Customer Experience Management for Any Budget

Customer Experience Management for Any Budget

If you’re reading this, we can assume you know the importance of customer experience in driving brand growth and revenue. But today, it's easy to suffer from opportunity overload when deciding how to improve your customer experience programs. When presented with a variety of products, services, and partners the only real limitations are time and budget.

Customer experience management can trace its roots back to market research conducted in the 1920s. A lot has changed over the past hundred years. By the mid-1900s, brands were hiring undercover agents who have evolved into today's mystery shoppers. And the tech boom of the late 1990s into the early 2000s introduced new tools for brands to leverage.

In its simplest form, customer experience management requires a way to collect feedback from consumers, implement operational changes based on this feedback, and measure the execution and impact of these changes. And with today's technology, the tools to do this have never been more accessible.

Here we’ll discuss how any brand can start building a foundational customer experience program that fits a lean budget with just two types of software; consumer feedback surveys and operational inspections.

Consumer Surveys

Customer experience management starts with listening to your customers. This is why consumer feedback surveys are the backbone of every CX program. Surveys provide insights into customer expectations and pain points across your customer journey. And they also set the tone for your customer relationships.

Modern survey tools enable you to easily build surveys, collect responses, and analyze the data. Many also help you manage your contacts. By tracking contacts within your survey tool you can avoid sending too many surveys in a short time. It will also enable you to target subsets of your contacts for more targeted surveys.

Operational Inspections and Checklists

The data from CX measurement, like surveys, only matters if you can action your insights. This is where operational inspections and checklists come into play - especially for multi-location businesses.

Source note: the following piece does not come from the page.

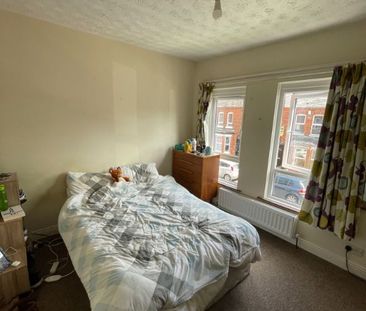 45 St Albans Gardens, Belfast BT9 5DR - Photo 3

This type of software provides an array of ways brands can better manage their operations. A centralized tool makes it fast and simple to update standard operating procedures. From daily opening tasks or weekly cleaning checklists - you can easily ensure every location follows the most up-to-date procedures. Plus, this software introduces additional time-saving features. Collect and review photos from the field to avoid the need for extra visits. Automatically create follow-up tasks when an inspection uncovers an issue. Even schedule reminders so nothing slips during your busiest times.

As your consumer survey program uncovers new insights, inspection software will enable you to react and implement improvements in real time.

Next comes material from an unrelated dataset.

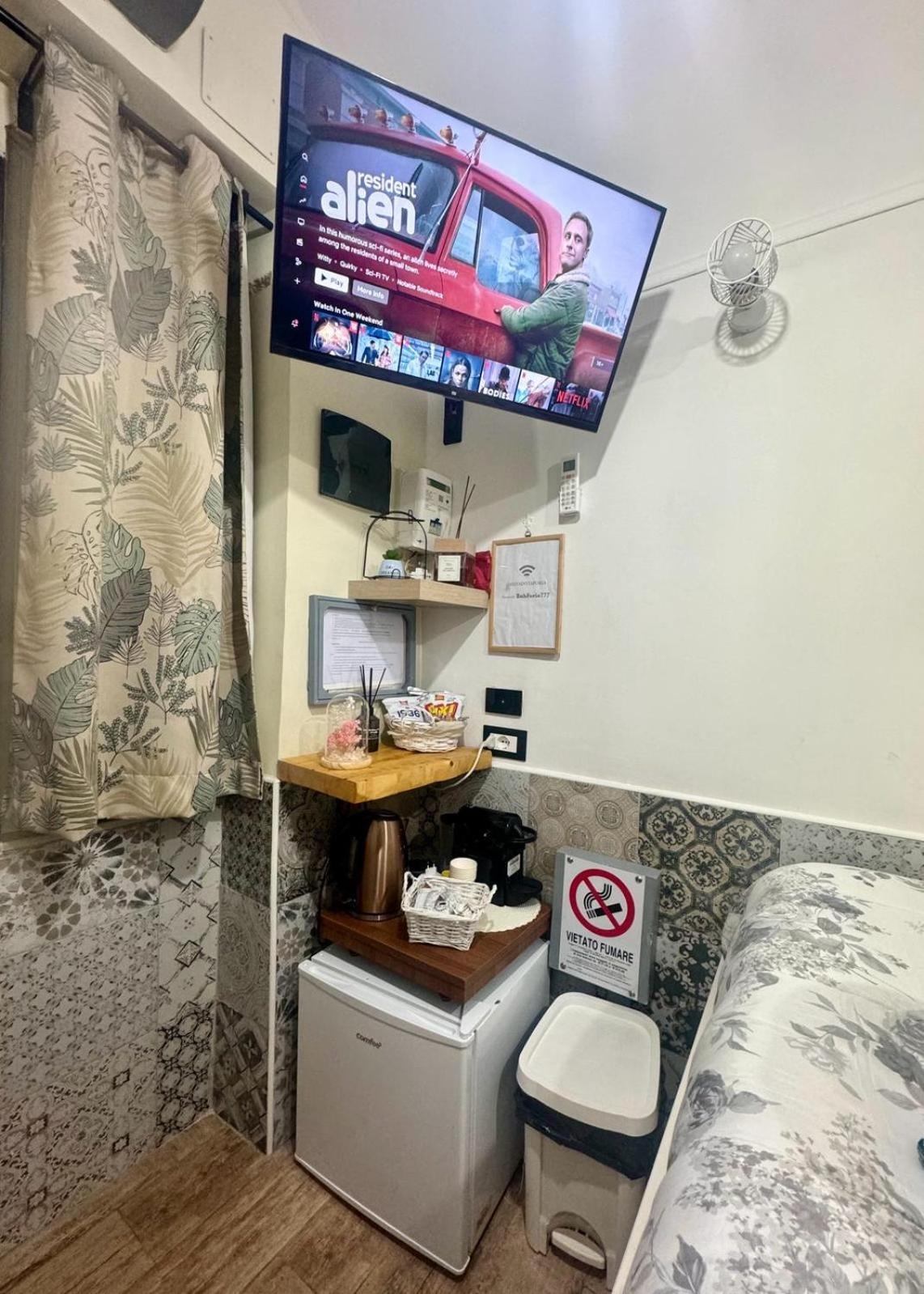 나폴리 Casina Via Foria B&B 외부 사진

But What About Mystery Shopping?

Professional mystery shopping is an excellent way to collect objective data on your customer journeys. However, a lot of manual work goes into mystery shopping programs, from recruiting and managing shoppers to fielding assignments and reviewing the submitted data. This can make a full-fledged mystery shopping program outside the budget brands with fewer locations.

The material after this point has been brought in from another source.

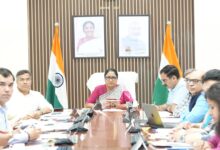 Delhi CM unveils plan to check pollution; 62 traffic hotspots to be eliminated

Brands that don’t have the budget for professionally managed services can approximate the benefits in other ways. For example, recruiting friends and family to visit your locations and provide feedback on the service.

Your consumer surveys will help provide direction to these types of visits. Remember, it’s important for the people who go undercover as a guest to act like typical customers. This means entering the store, making the necessary observations, and existing before recording their notes.

The more observations they are required to make, the less detail they will be able to remember. You can advise your friends or family on what to look for by identifying customer pain points ahead of time. The sweet spot for a professional mystery shopper is often 10-15 observations per visit. This allows them to collect the most data with the best accuracy. For less experienced individuals you may want to consider reducing this number.

However, there are downsides to leveraging family or employees for these visits. The main one is that the data won’t be as objective as that collected by a 3rd party. A way to help curb this is with the data collected by operational inspections and mobile checklists. By comparing the metrics and media collected by staff at your locations to the feedback from in-house shoppers, operators can form a more complete picture.

As your brand continues to grow, managing these visits in-house will become increasingly difficult. But as your brand grows, so should your CX budget. And this is when you can look at introducing a professionally managed mystery shopping program.